According to three people familiar with the matter, then-President Trump was repeatedly warned by some of his closest advisers and administration officials about this MAGA-specific issue during his closing weeks as leader of the free world. But in the two months since President Joe Biden took over at the White House, polls show that aversion to the new coronavirus vaccines remains markedly higher among Trump fans and GOP voters than it is among liberals and Biden supporters. That reality has stoked grave concern among public health officials and experts, and has left some of the ex-president’s friends and allies frustrated over the fact that Trump, from his new home in Florida, isn’t doing more to reach his base and combat the problem.ADVERTISEMENT
“I have practically begged him to get out there constantly [during his post-presidency] and make videos calling on his supporters who are hesitant to get their shots,” one person close to Trump said. “Last time I checked in, I hadn’t heard of any positive movement in that direction.”
In a small number of public appearances and TV interviews lately, the former president has encouraged—at times as mere asides—his true believers to get vaccinated, but has yet to embark on anything close to a vigorous campaign to leverage his sizable megaphone on the subject. Further, it was not publicly revealed he and then-first lady Melania Trump had been vaccinated until nearly a month and a half after he was no longer president.
Michael Caputo, a former Trump campaign adviser who served as the assistant secretary of public affairs at the Department of Health and Human Services, told The Daily Beast that in September, shortly before he was diagnosed with cancer and departed the administration, he too talked to the president about the anti-vaccine sentiment rapidly emerging among the MAGA faithful.
“Donald Trump and I had a conversation about broader issues, and I mentioned it briefly,” he recounted. “It was a glancing conversation in the Oval Office in September, in between meetings, and I mentioned how vaccine hesitancy was likely going to be a big problem, especially among Republicans and Trump supporters. And he said, ‘Yes, I understand, and it’s a problem.’ I’ve been told there were other conversations on this after I left, and that the conversations with the president continued…We started getting more and more suspicious of [anti-vaccine sentiment on the right] as I left. We were talking amongst ourselves in HHS in August, saying that it was ironic that the most vaccine-hesitant among us were our friends, our allies. And we still face that question.”
By November, Trump’s focus had largely shifted—not to his management of the global pandemic that had torpedoed the U.S. economy and left hundreds of thousands of Americans dead, but to his and Republican’ court battles and anti-democratic crusade to overturn Biden’s clear victory in the 2020 presidential contest.

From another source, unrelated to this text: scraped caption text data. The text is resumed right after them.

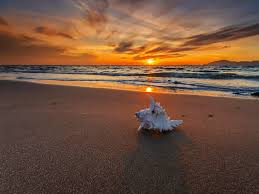 Hawaii sunset beach wallpaper free. Beautiful Sunset Wallpaper Beach Apessoaescreve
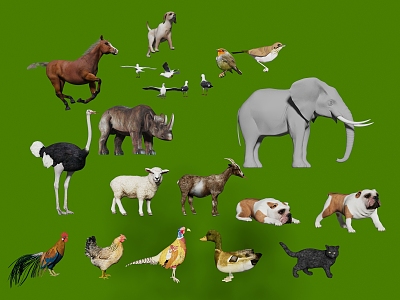 Animal Cattle Horse Pig Cat Dog Chicken Duck Goose Bird Elephant Big Bear Poultry Lion Sheep Rabbit 3d model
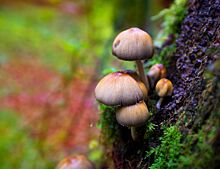 Псилоцибиновые грибы вылечили депрессию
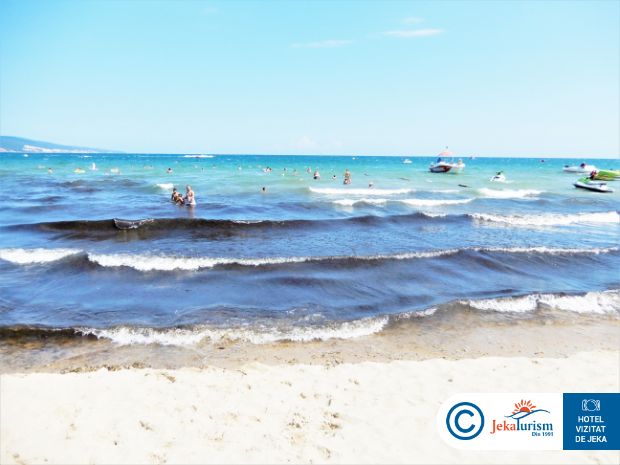 Poze Asteria Family 15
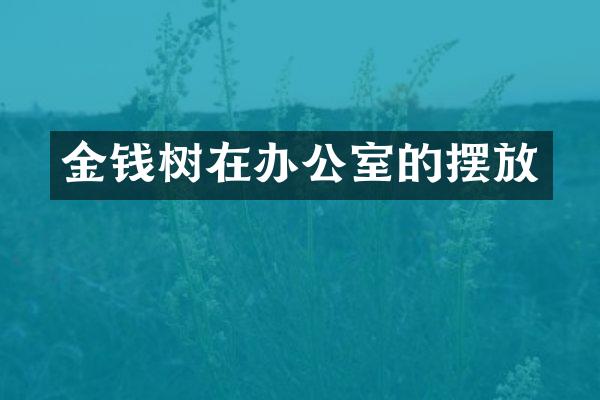 金钱树在办公室的摆放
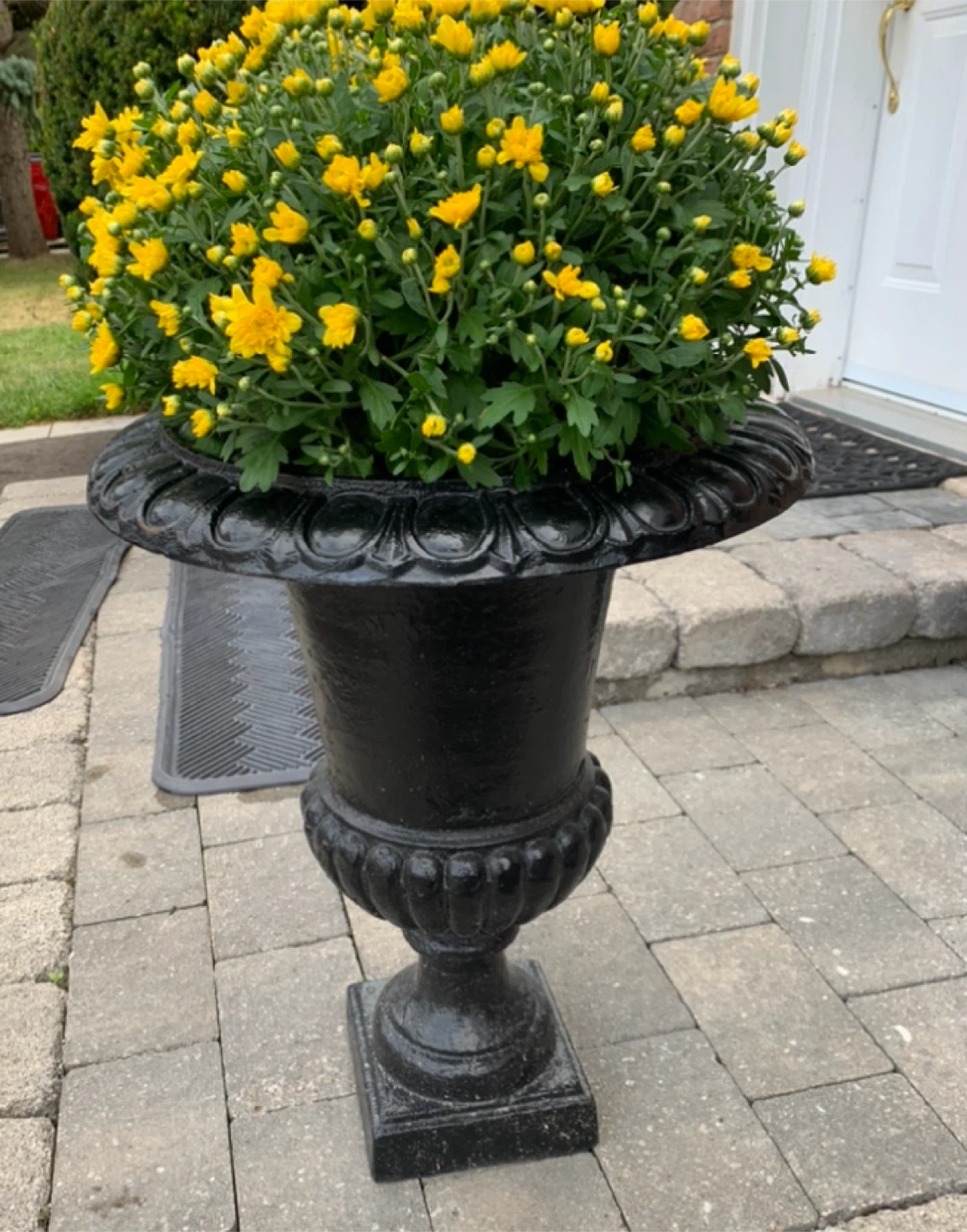 Heavy cast iron vintage urn garden planter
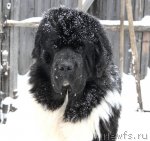 Превью фото № 89572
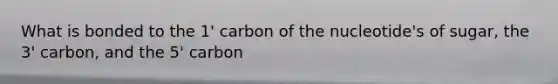 What is bonded to the 1' carbon of the nucleotide's of sugar, the 3' carbon, and the 5' carbon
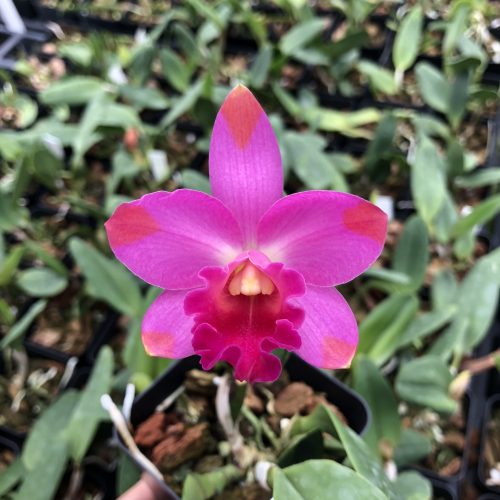 Rlc. Toshi's Magic 'Doris' Cattleya, Orchid Plants - Kaleialoha Orchid Farm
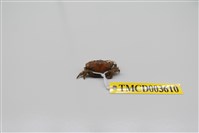 藏品(牧氏毛粒蟹)的圖片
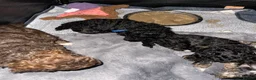 Cavapoo dogs for sale: Toy Cavapoo puppies  - Advert 20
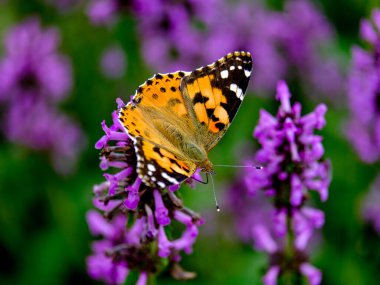 Güneşli bir günde Almanya 'da çekilmiş yiyecek arayan güzel bir kelebeğin yakın çekimi..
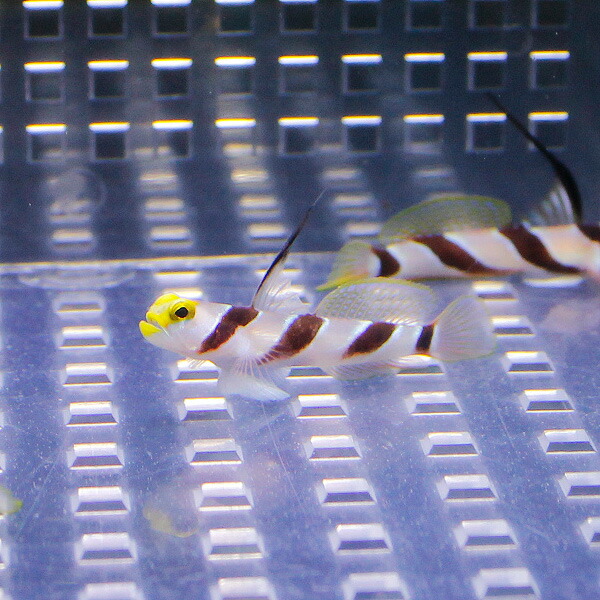 ハタタテネジリンボウ 3-4cm± 海水魚 ハゼ! 【ハゼ】15時までのご注文で当日発送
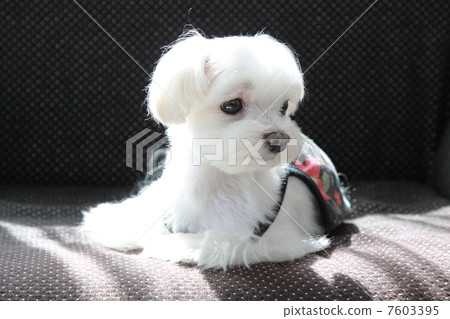 Maltese 7603395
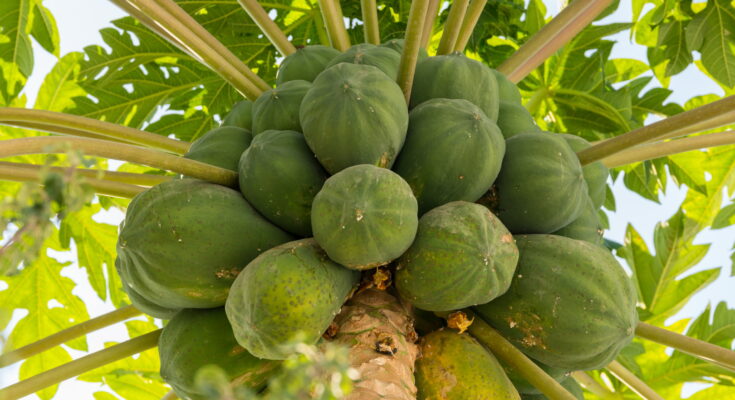 How to Grow Papaya Successfully – A Complete Guide for Fast-Growing Tropical Fruit – Openheadline24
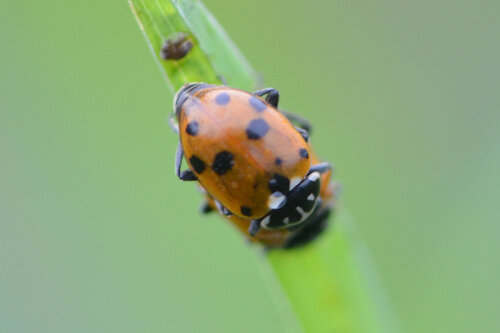 Variegated Lady Beetle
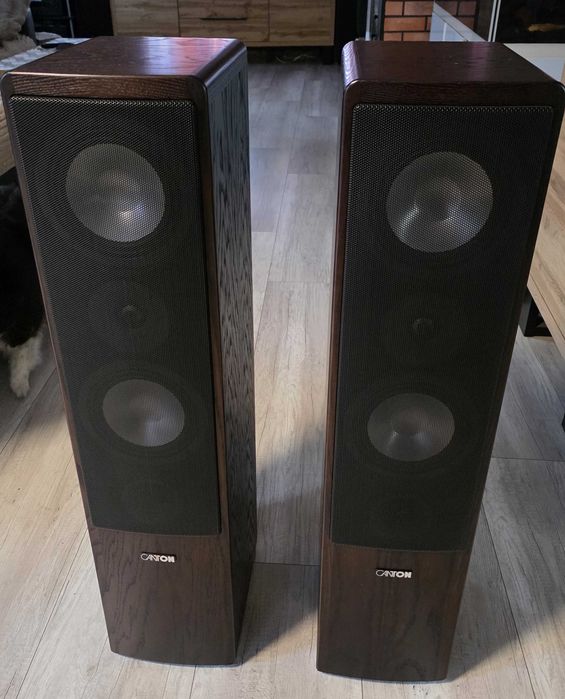 Canton Ergo 670DC kolumny podłogowe High End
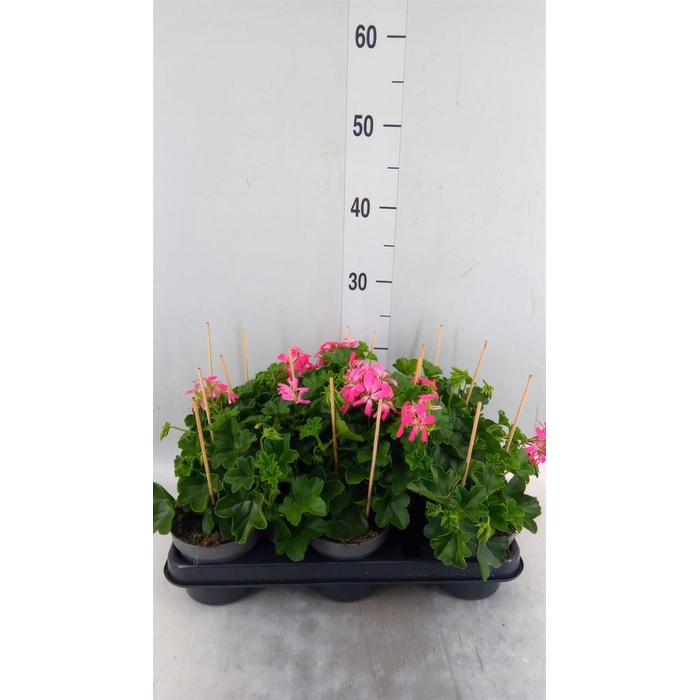 <h4>Pelargonium pelt. 'Balkon Roze'</h4>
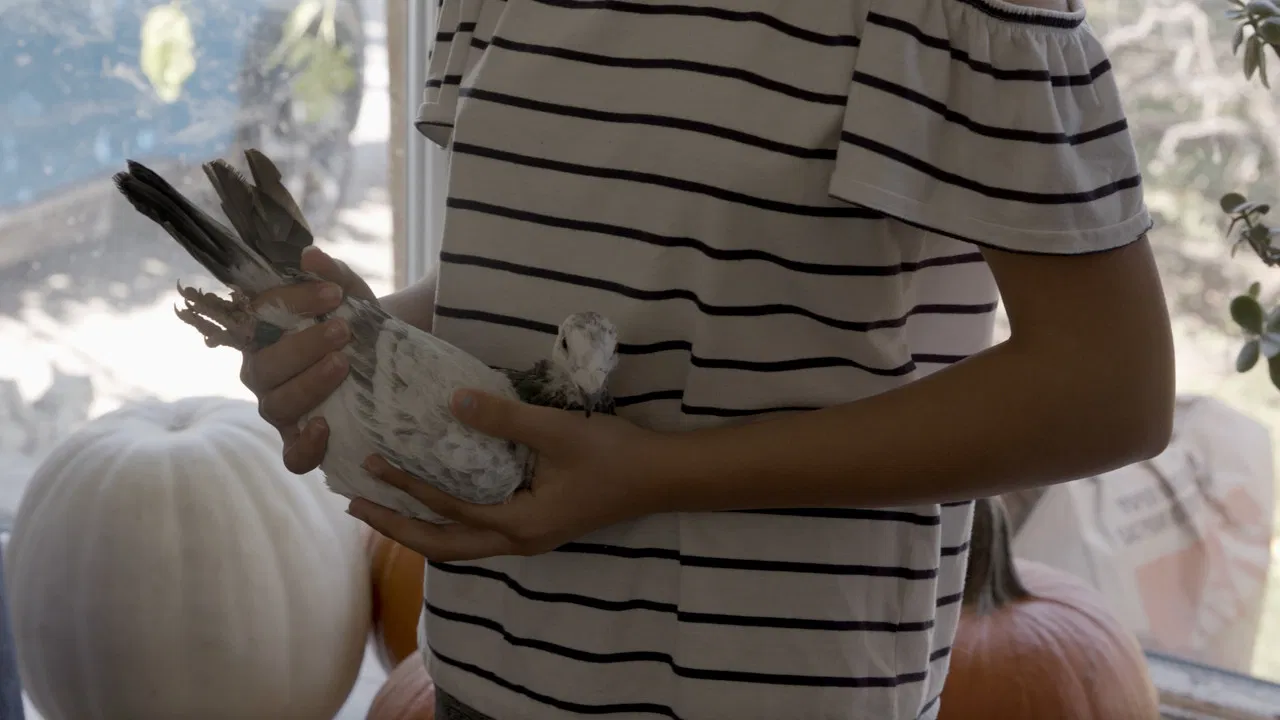 Pigeon People backdrop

In the weeks following Biden’s inauguration, Trump has only sporadically called on his supporters to get their COVID vaccines, including at his headlining speech during last month’s annual Conservative Political Action Conference, and has yet to mount anything resembling a sustained campaign or effort. Just last week, Mar-a-Lago, Trump’s private club and residence in Palm Beach, Florida, had to partially shut down due to a new coronavirus outbreak.
Recent polling has consistently found that Trump fans and Republican men are some of the demographics most likely to decline, or be skeptical of, getting a coronavirus vaccine.
Ever since settling into his post-presidency, Trump has at times casually discussed with certain confidants the prospect of starring in his own videos or ads to promote the vaccines, and also to tout the successes of his administration’s Operation Warp Speed, according to two people with direct knowledge of the conversations. However, when asked if any such videos had been produced yet, a Trump adviser said last week that there was “nothing scheduled” at the moment in terms of release.
He’s terrified of demonstrating to the world that he’s lost his power. So he will never do anything that goes against his cult’s attitudes and beliefs. He doesn’t need to. If attitudes change and they get vaccinated, he’ll just take credit for it and they will be happy to give it to him.